Viterbo – Davvero pensiamo di essere i primi (e – anche se politicamente scorretti – non gli ultimi) ad aver a che fare con migrazioni e guerre?
Per esempio, almeno cinquemila anni fa, il popolo prediletto era in migrazione permanente e quando attraversava il mare c’era chi separava le acque. Quello che, non per niente, la Bibbia (e non solo) chiamava Sabaoth, il Dio degli eserciti, mentre i contemporanei greci credevano in dei che si sceglievano il contendente da proteggere in battaglia.
In epoca relativamente più vicina a noi, ci fu Roma e fa impressione leggere quel che lo storico Tacito scrisse a proposito dell’invasione del nord della Britannia. In questo discorso attribuito al condottiero scozzese Calcago, provate a sostituire la parola Britannia con Ucraina e vedete l’effetto che fa: “Ora, si aprono gli ultimi confini della Britannia e, dopo, non ci sono più altre tribù ma solo scogli e un flagello peggiore: i Romani, razziatori del mondo, gente che né l’oriente né l’occidente possono saziare. Massacrano, rapinano e con falso nome lo chiamano impero. Fanno deserto e dicono che è pace”.

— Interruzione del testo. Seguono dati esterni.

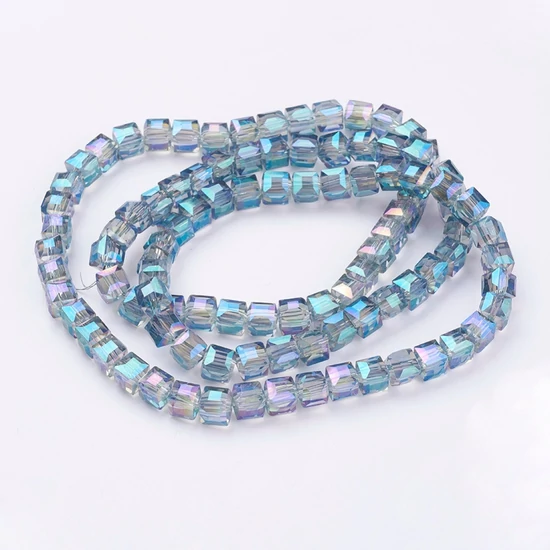 Üveggyöngy - 6x6mm - kocka alakban - közép akvamarin AB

Da costoro discendiamo, gente come quella sempre impegnata a mettere le mani sul mondo. Anche per loro le guerre dovevano apparire giuste e difensive, addirittura imposte dagli eventi. In pratica, però, come scrive uno storico d’oggi, Antonio Spinosa, erano “strade dell’espansionismo e dell’imperialismo”. D’altronde, tra migrazioni e guerre nacque e diventò caput mundi quella che oggi chiamiamo Roma capitale, fondata da Romolo e Remo che si fecero guerra – e si sa come andò – al pari del nonno Numitore e di suo fratello Amulio, il malvagio che rinchiuse nel convento delle Vestali la loro mamma Rea Silvia perché non procreasse ed invece un dio di passaggio – ma…senza che lei se ne accorgesse – tale Marte Silvano, la rese madre.
Progenitore di questi nostri antichi parenti fu, peraltro, un migrante, Enea, che era troiano ma gradito ai greci i quali gli assicurarono un corridoio umanitario di fuga perché a Troia pare fosse l’unico favorevole a riconsegnare alla famiglia la bella Elena rapita dal principe Paride, evitando così quella che fu la guerra mondiale di tremila anni fà.
Dunque, guerre, migrazioni, sopraffazioni e da sempre: dagli etruschi e faraoni agli Alessandro Magno e Giulio Cesare che tutti ancora osanniamo, a Napoleone, ai tedeschi d’Asburgo e quelli di Hitler, agli anglosassoni d’Europa e d’America, ai conquistadores iberici, agli zar e agli Stalin e Putin della grande madre Russia, senza dimenticare i commercianti del Sol Levante.
Così è andato, va e andrà il mondo, nonostante cortei e lamentazioni. A noi è toccato in sorte vivere questa parte di ripetizione delle storie umane, per di più quotidianamente angosciati da tg e talk annunciatori, quasi fossero i primi, di fatti tanto tragici quanto, nella sostanza, da sempre raccontati perché (chi può onestamente negarlo?) connaturati a quell’essere pensante che è l’uomo. Il quale non combatte per la sopravvivenza, come ogni buon animale che si rispetti, ma per libera scelta.
Certo, ogni guerra è da scongiurare e in ogni modo. La storia, però, in gran parte la fanno gli adoratori di Marte il quale, diceva Omero, “è un dio furioso, insensato, infernale”.